What I heard then, and what I perceive now, is the commission’s frustration at its inability to boss around somebody called a “clerk.” They’re “commissioners,” right? Or even “mayors.” That should make them more important than somebody whose job includes taking the minutes at their meetings, shouldn’t it?
I’ve had jobs myself where I’ve personally experienced this need of others to make themselves feel more important by making me feel less. Hell, most of them. It’s human nature I reckon. But my favorite example was when I was working front office in a printing company and the guys in the back misspelled the word “trailer” on one huge job and the client company’s name on another. I could spell for the Olympics but nobody asked me--I was just what they called the “sekkertary.”
For that matter, since I’ve been on my own at The Planet, one or another of the Trenton city officials always seems to be telling me how insignificant I am. I’m “just a blogger,” one told me. The Planet is not really a newspaper but “just a Facebook page,” a commissioner said. The city attorney simply ignores my phone calls.
Nevertheless, The Planet persists. My life has not been such that I’ve built up much of an ego, and anyway when officials insult me I can tell I have anyway irritated them, which is one of a journalist’s chief joys.

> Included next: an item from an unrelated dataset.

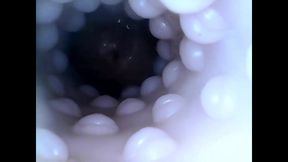 Internal closeup fucktoy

So let minor dignitaries puff themselves up by kicking the metaphorical dog; but the city clerk matter is a different kettle of fish. This time, the commission’s need to assert itself is doing somebody out of a job she needs, and to which she has been returned multiple terms by the city’s voters.
Since this happened, I’ve been thinking about something Dade County Executive Chairman Ted Rumley told me once about his job. Before Dade adopted its current form of government, the county was run first by an elected sole commissioner, then by a board of commissioners who hired a county manager to run Dade’s day-to-day operations.

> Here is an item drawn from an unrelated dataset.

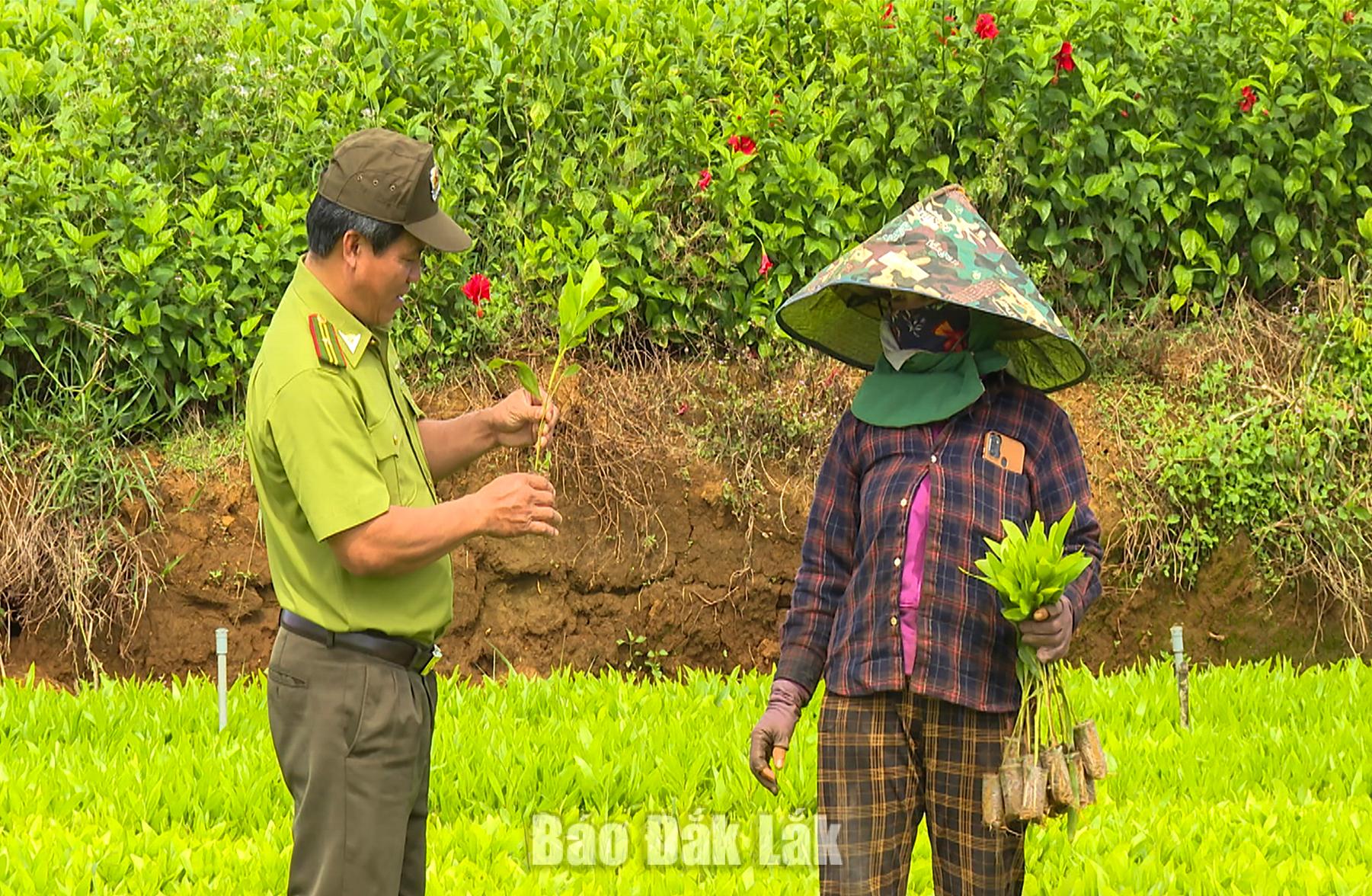 Cây giống được lựa chọn, kiểm tra trước khi đưa vào trồng.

Some people thought the sole commissioner had too much power but at least he was elected. The big kvetching happened under the county manager system. Here, explained Boss Rumley, you had a guy running around “acting like king of the county” and the voters resented that because they’d had no choice about who was crowned.

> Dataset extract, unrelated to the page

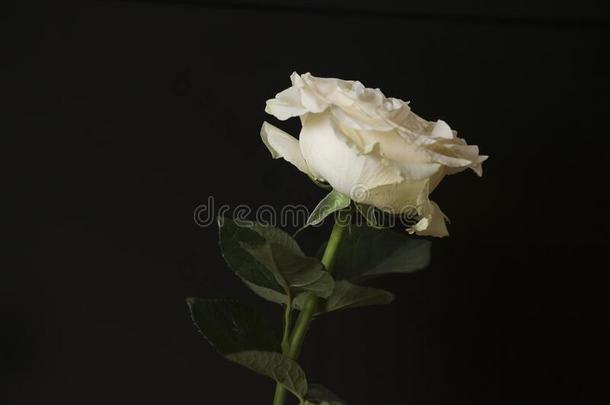 可爱的大的多乳脂的或似乳脂的白色的花玫瑰向指已提到的人黑的背景.groundreconstructionequipment地平面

So Dade changed to its current form of government, where the voters directly elect the official in charge of the day-to-day running of the county, and though you’ll still hear bitching--that’s human nature, too, I guess--the county seems to tick along pretty smoothly on the whole.
Probably it was the same principle that led Trenton to make its city clerk job an elected position in the charter as it stood: Trenton needed one full-timer at City Hall, and since this person would be effectively running the town it made sense the voters should choose her. But Trenton was a small town and it didn’t glorify the position with the name “manager” and that’s where the trouble started. And where the trouble is ending is with this spiteful cabal by the jealous mayor and commissioners to show the clerk who’s boss.
Or maybe it’s not the end. Maybe Ms. Houts will lawyer up and give the Trenton commission and city attorney--an out-of-town guy in LaFayette, by the way--a run for their money. Is it legal for part-time elected officials, or any elected officials, to band together to eliminate the job of another elected official? And is it legal for them to have decided to change the charter entirely in backroom discussions?
(And if a civil suit does happen, Dear Reader, I hope you can think of a little not-really-a-newspaper at the center of the universe that will keep you apprised of the gory details.)
Or maybe somebody will even get around to amending the Trenton charter so the town’s power structure makes more sense, and its officials are not so prone to plots and backbiting.
Meanwhile, The Planet will keep attending public meetings and reporting faithfully what’s in ‘em--or, in cases like this one, what is not.